**SUPPLIED DATA:**
*** Block opens ***
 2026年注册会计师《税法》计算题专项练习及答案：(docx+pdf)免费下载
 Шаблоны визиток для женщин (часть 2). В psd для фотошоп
*** Block closes ***
*** Block opens ***
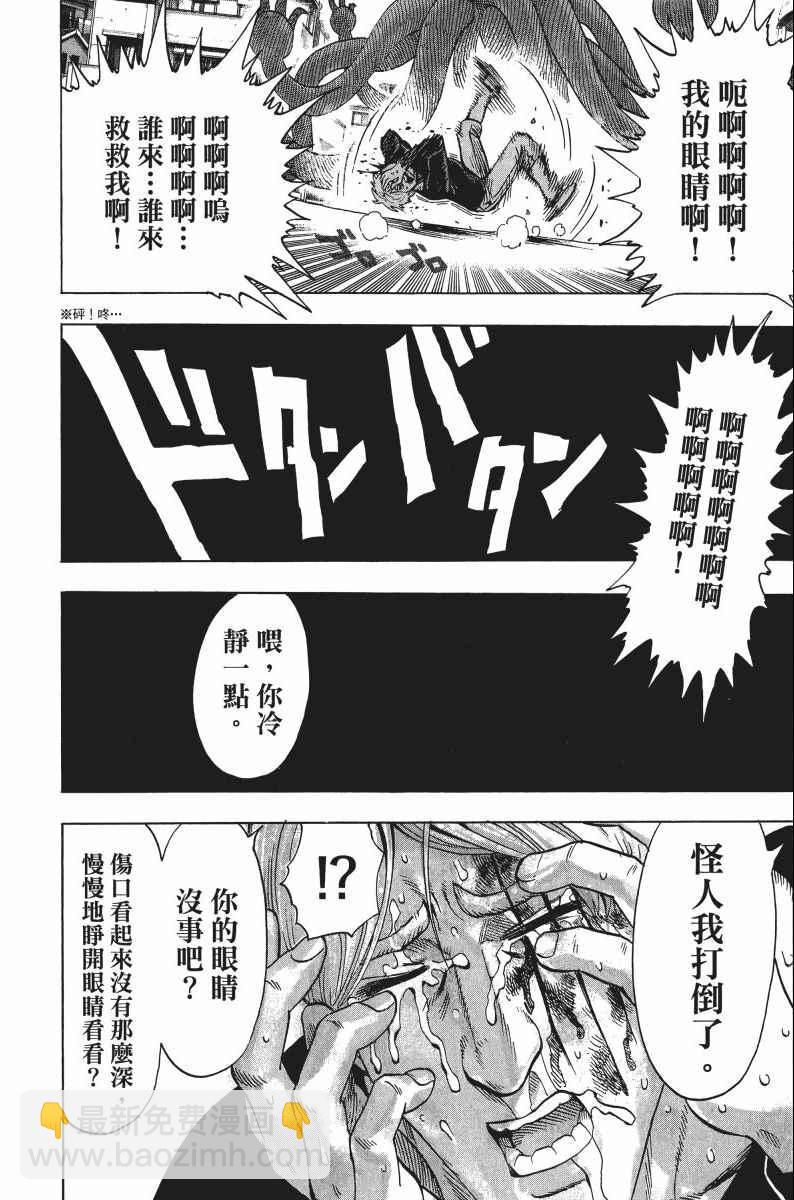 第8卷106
*** Block closes ***
*** Block opens ***
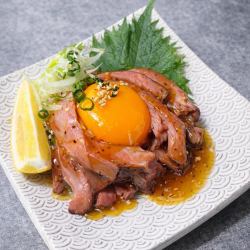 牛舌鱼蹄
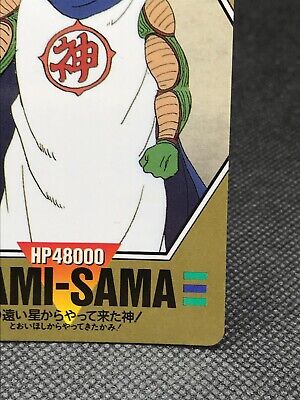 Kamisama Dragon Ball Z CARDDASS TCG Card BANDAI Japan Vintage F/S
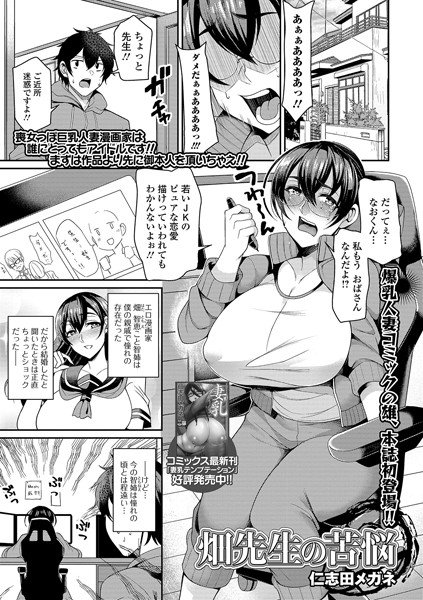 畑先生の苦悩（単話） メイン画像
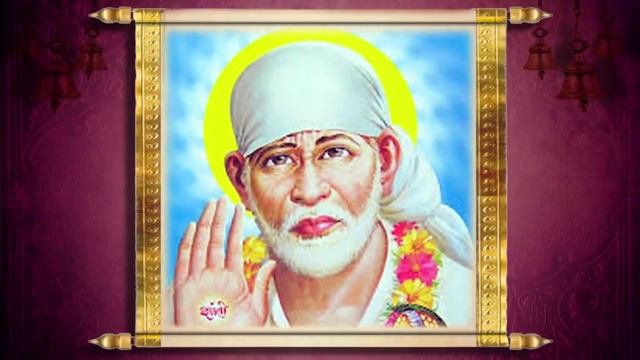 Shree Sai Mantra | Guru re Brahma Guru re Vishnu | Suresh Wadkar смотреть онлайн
*** Block closes ***
**TASK BRIEF:** I'd like the lines above from the one with "2026年注册会计师《税法》计算题专项练习及答案：(docx+pdf)免费下载" up to and including the one with "Шаблоны визиток для" copied exactly, with no other lines.

**ANSWER SPACE:**
 2026年注册会计师《税法》计算题专项练习及答案：(docx+pdf)免费下载
 Шаблоны визиток для женщин (часть 2). В psd для фотошоп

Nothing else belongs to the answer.